Case ID: f2d_191/html/0360-01.html
Source: Caselaw Access Project
Author: {"author": "DENMAN, Chief Judge.", "license": "Public Domain", "url": "https://static.case.law/"}
Date Created: 2024-08-24T03:29:51.129683

THOMAS v. DUFFY, Warden.
    No. 223.
    United States Court of Appeals Ninth Circuit.
    Aug. 31, 1951.
    
      Ilenry Thomas, in pro. per.
    Edmund G. Brown, Atty. Gen. State of California, Clafence Linn, Deputy Atty. Gen., for respondent.
   DENMAN, Chief Judge.

Thomas seeks my order certifying that he has probable cause for an appeal from (a) the denial of his application to the United States District Court for the Northern District of California for a writ of habeas corpus to the above Warden, and (b) the denial of a stay of the execution of a death sentence of the Superior Court of the State of California, Siskiyou County.

The death sentence was ordered to be executed before 12 o’clock noon of August 31, 1951, and the Warden had fixed the hour and prepared the gas chamber for the execution at 10 o’clock a. m. It was not until 9:15 a. m., before the hour so fixed, that Thomas’ petition to me was served. At 9:30 a. m. I stayed the execution until 11 a. m. for time to give consideration to his application.

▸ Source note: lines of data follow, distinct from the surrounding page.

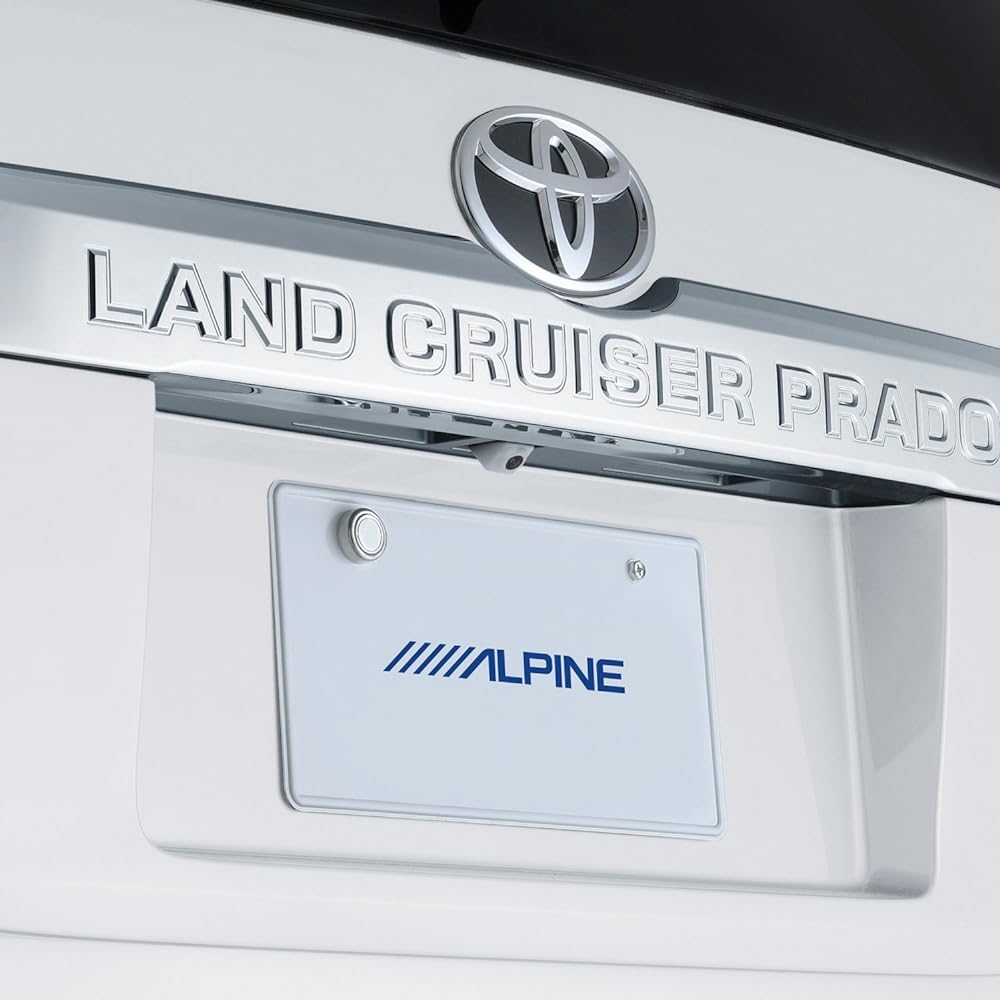 ALPINE Land Cruiser Prado 150 Series Exclusive Back View Camera Package (White) HCE-C1000D-LP-W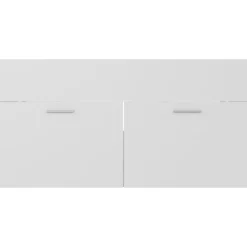 vidaXL - Wastafelkast - Wit - Bewerkt hout - 90 x 38.5 x 46 cm New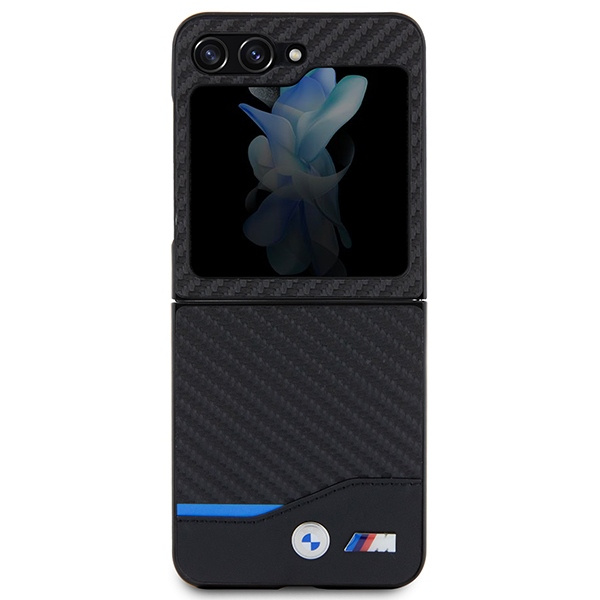 Kryt BMW BMHCZF522NBCK Samsung Galaxy Z Flip5 Leather Carbon black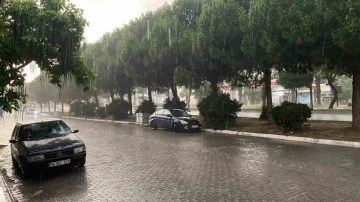 Aydın’da sağanak yağış etkili oldu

Thomas, a Negro, is not a lawyer and claims he has had no prior experience in criminal litigation. He had no attorney in his proceedings below nor in the Supreme Court of California where he filed his petition for a writ of habeas corpus, which was denied him. People v. Thomas, Cal.Sup., 230 P.2d 351. His application to the court below incorporated his petition for the writ to the Californiá Supreme Court and made its allegations the basis of his application below and the district court properly so treated it. Darr v. Burford, 339 U.S. 200, 204, 70 S.Ct. 587, 94 L.Ed. 761; Price v. Johnston, 334 U.S. 266, 291, 292, 68 S.Ct. 1049, 92 L.Ed. 1356; Holiday v. Johnston, 313 U.S. 342, 350, 61 S.Ct. 1015, 85 L.Ed. 1392.

The staying of a death sentence an hour and a half away is a summary matter. An Assistant Attorney General of the State of California appeared before me to oppose the stay and he brought with him the petition for the writ in the Supreme Court of that state and the record of proceedings there.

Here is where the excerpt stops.